▸ Task data
===============

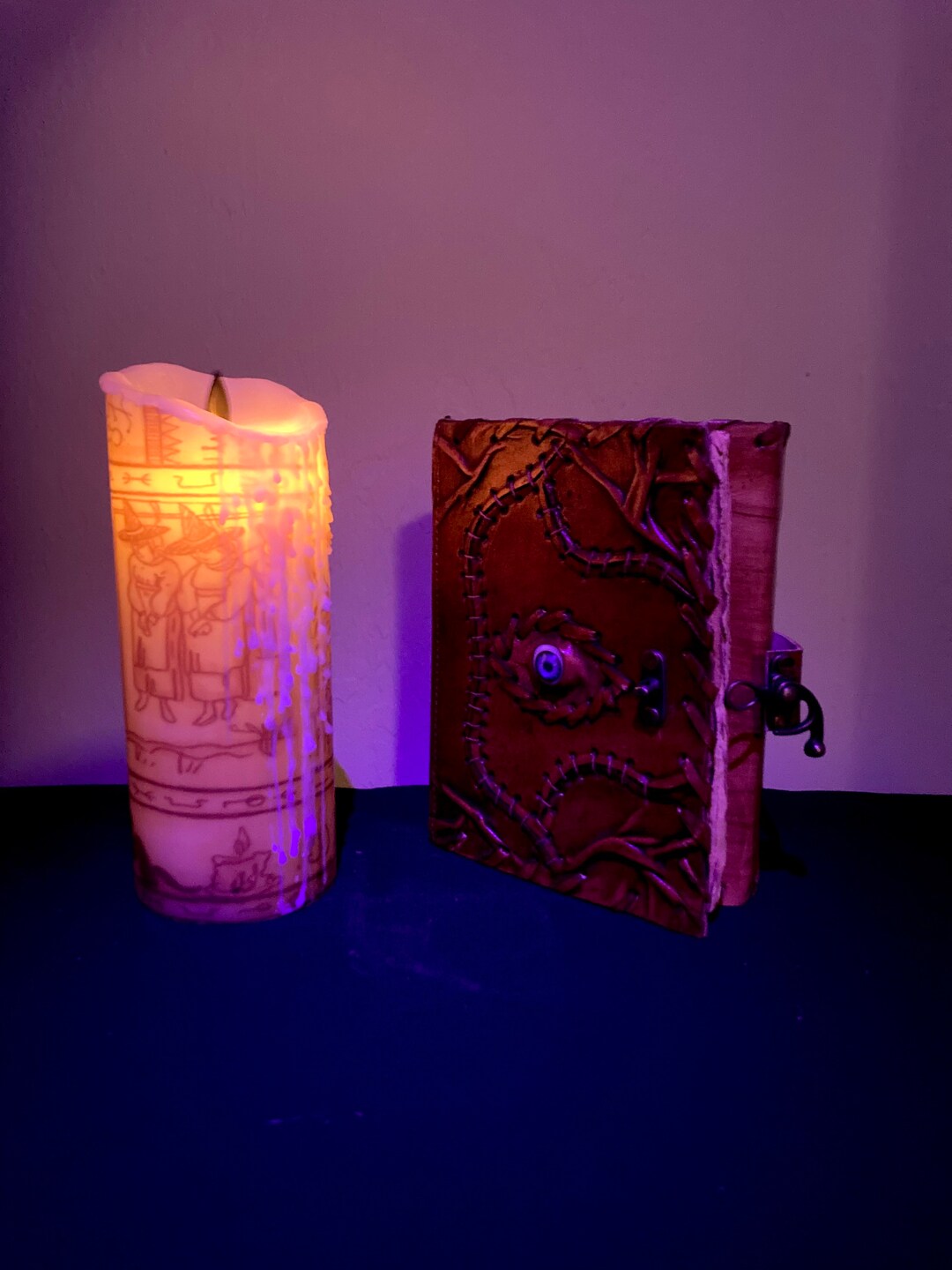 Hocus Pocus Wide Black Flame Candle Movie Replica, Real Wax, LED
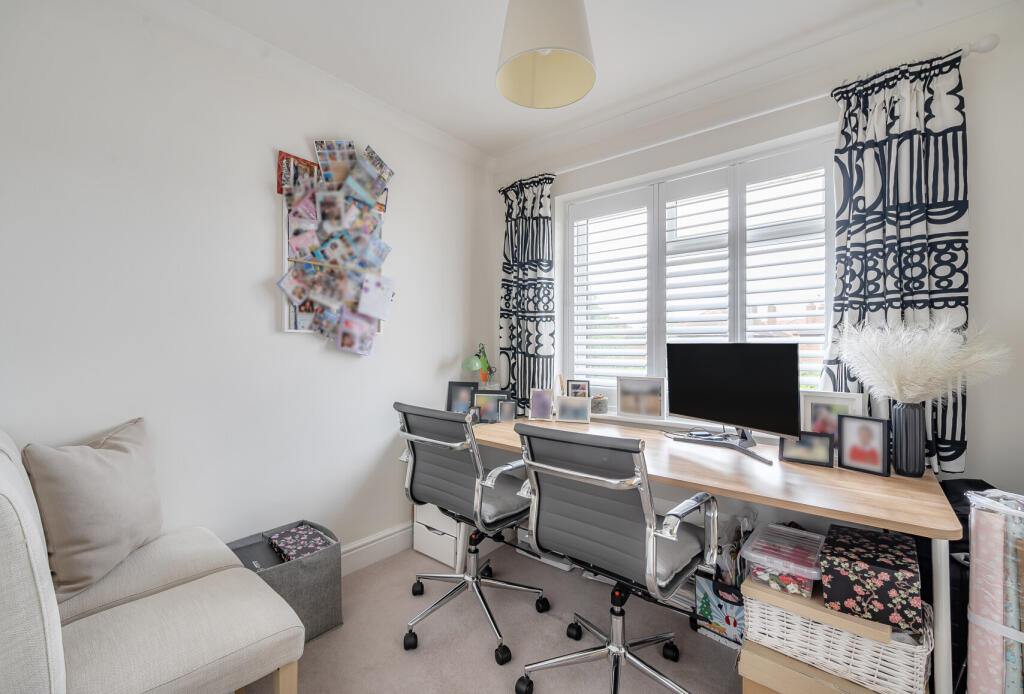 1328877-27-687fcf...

===============

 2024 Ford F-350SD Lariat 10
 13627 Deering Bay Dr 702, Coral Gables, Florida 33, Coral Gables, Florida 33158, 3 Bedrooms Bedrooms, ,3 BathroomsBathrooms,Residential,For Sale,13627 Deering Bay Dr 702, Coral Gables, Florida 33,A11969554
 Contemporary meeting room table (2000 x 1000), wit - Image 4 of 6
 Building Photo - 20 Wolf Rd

===============

▸ What you have to do
After locating the line with "Contemporary meeting room" in the material above, return it and each line after it exactly, ending at the line with "Building Photo - 20 Wolf Rd".

▸ Answer area
 Contemporary meeting room table (2000 x 1000), wit - Image 4 of 6
 Building Photo - 20 Wolf Rd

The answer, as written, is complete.